Release notes v3.1#
This release features several improvements to the engine calculators and a few important bug fixes. Over 150 issues were closed. For the complete list of changes, please see the changelog: https://github.com/gem/oq-engine/blob/engine-3.1/debian/changelog . Here is a summary.
Bug fixes#
We discovered a performance regression in engine 2.9 and 3.0. The
regression affects large hazard calculations and makes computing the
statistics within the main calculation at best slow and at worse
impossible because of data transfer issues / out-of-memory errors. If
you have engine 2.9 and 3.0 you can still compute the statistics -
even for large calculations - but only in post-processing, i.e. with
the --hc
option. This is not needed anymore. Actually, computing
the statistics within the main calculation is as fast as in
post-processing and much faster and memory-efficient than it was in
engine 2.8 and previous versions. The price to pay for the gain was
changing the way the PoEs are stored and the extraction routines. As a
consequence, you cannot export with engine 3.1 the hazard curves
generated by previous versions of the engine.
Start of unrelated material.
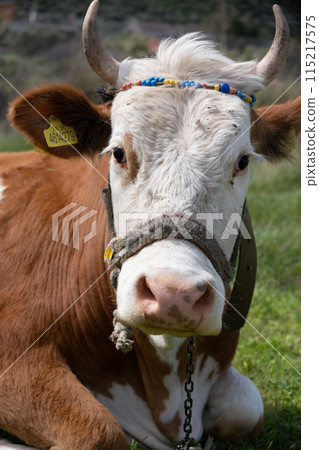 cows graze on a green field in sunny weather. HQ cows graze on a green field in sunny weather. HQ 115217575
We fixed a long standing performance bug in scenario calculations. The
filtering of the sites according to the integration distance was done
too late. Now it is done before even starting the calculation. If you
have 1 million sites with only 1 thousand within the integration
distance, then 990,000 sites are discarded up front. This makes it
convenient to run scenarios with large exposures because only the
sites and assets close to the rupture will be considered, even without
the user specifying a region
constraint in the job.ini
file.
The user Parisa on the mailing list discovered a regression in the GMF importer
from XML: it was not working anymore, unless a sites.csv
file was specified.
This has been fixed. The XML importer is still deprecated and the
recommendation is to import GMFs in .csv format an with an explicit
sites.csv
file.
Our Canadian users discovered a bug in the hazard curves computed from nonparametric sources, causing the hazard curves to saturate at high intensities. It turns out the source of the bug was a numeric rounding issue that we fixed.
We discovered a bug affecting the classical UCERF calculator, such that the computation was hanging without a clear reason. It was fixed by simplifying the distribution mechanism.
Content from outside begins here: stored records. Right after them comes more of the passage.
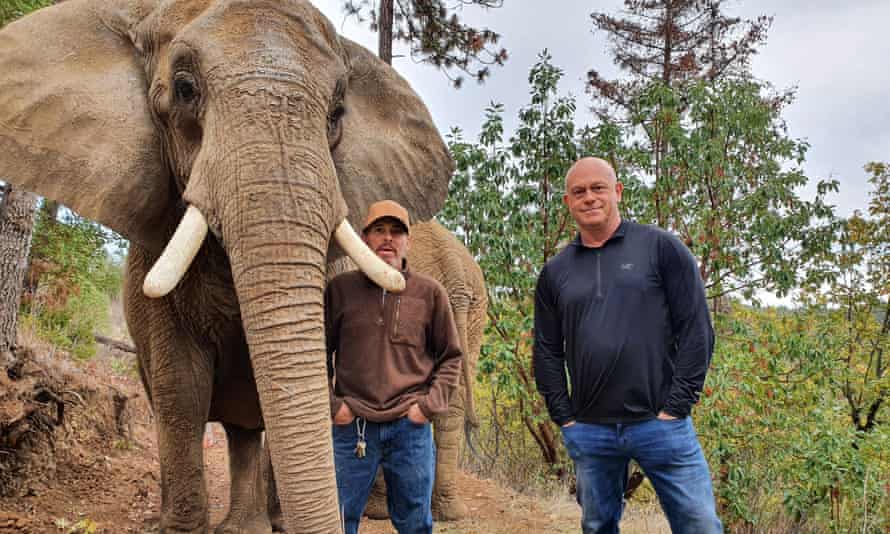 Ross Kemp (right), trainer Josh and Baba the elephant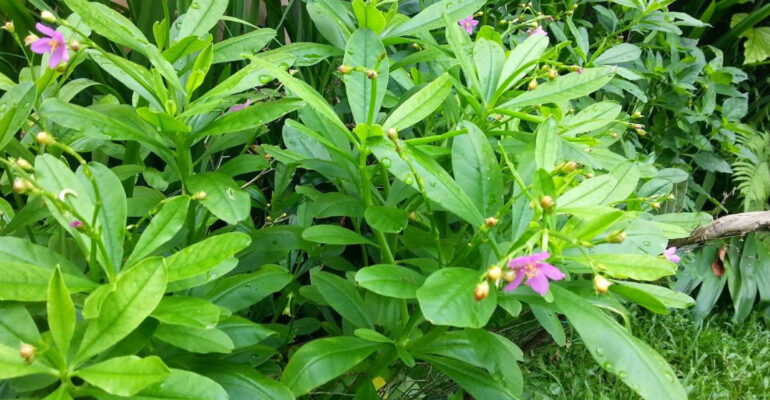 Tak Cuma untuk Kesehatan, Peneliti IPB University Ungkap Potensi Ginseng Jawa untuk Industri Kosmetik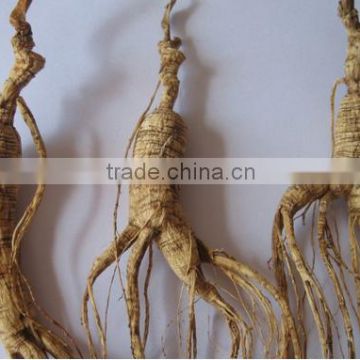 18-Year-Old Wild Ginseng from Cahngbai Mountain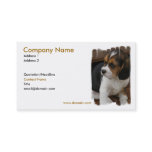 Beagle Pup Business Card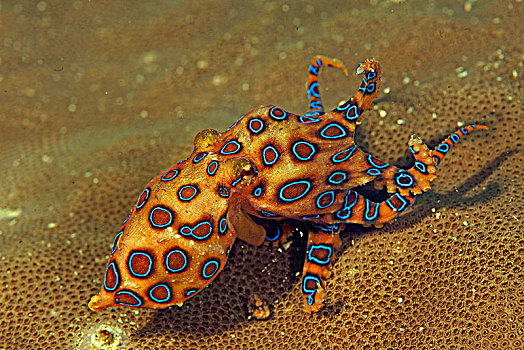 章鱼,四王群岛,伊里安查亚省,西巴布亚,印度尼西亚,亚洲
We discovered a rare bug when reading ruptures from the datastore. Due to numeric errors in the conversion from 64 bits to 32 bits in the geometries, ruptures barely within the integration instance, could be read as outside the integration distance, then causing an error. This is a very rare case, but it may happen, especially in calculation with millions of ruptures. We fixed the issue by discarding such borderline ruptures.
We discovered a subtle bug in event based risk calculations, happening only when storing the GMFs and when using vulnerability functions with PMF: the results were depending on the order of the tasks storing the ground motion fields. This has been fixed by speciying the order in which the GMFs are read (they are read by event ID). In general this makes it easier to debug risk calculations reading the GMFs from the datastore.
We discovered a tricky bug affecting calculations with sites and/or sources crossing the international date line. The bug has been there for years. In some cases, some sources could be incorrectly discarded, thus producing a hazard lower than reality. The solution of the bug involved completely discarding our old prefiltering mechanism.
Improvements to the filtering/prefiltering mechanisms#
We began improving the source prefiltering mechanism in engine 3.0 and we kept working on that. Now the prefiltering is performed in parallel and it is so efficient that we can prefilter millions of sources in a matter of minutes. Moreover the prefiltering is done only on the controller node and not duplicated on the workers nodes. The change improved the performance of the calculators but also increased the data transfer. So we changed the engine to make it able to read the site collection directly from the datastore, thus saving GBs of data transfer. In cluster situations the new approach requires setting a shared directory otherwise the data transfer will be substantial. Due to the new prefiltering, is was possible to remove from the classical calculator the tiling mechanism, which was very complex and fragile, and still be faster than before. As a consequence, the data transfer is lower now than it ever was. Also, having removed the old prefiltering mechanism, a very tricky bug over two year old has disappeared .
While the prefiltering involves sources and it is performed before the
calculation starts, the filtering involves ruptures and is performed
while the calculation runs. The filtering works by computing a lots of
distances from each rupture to each hazard site and it can be slow.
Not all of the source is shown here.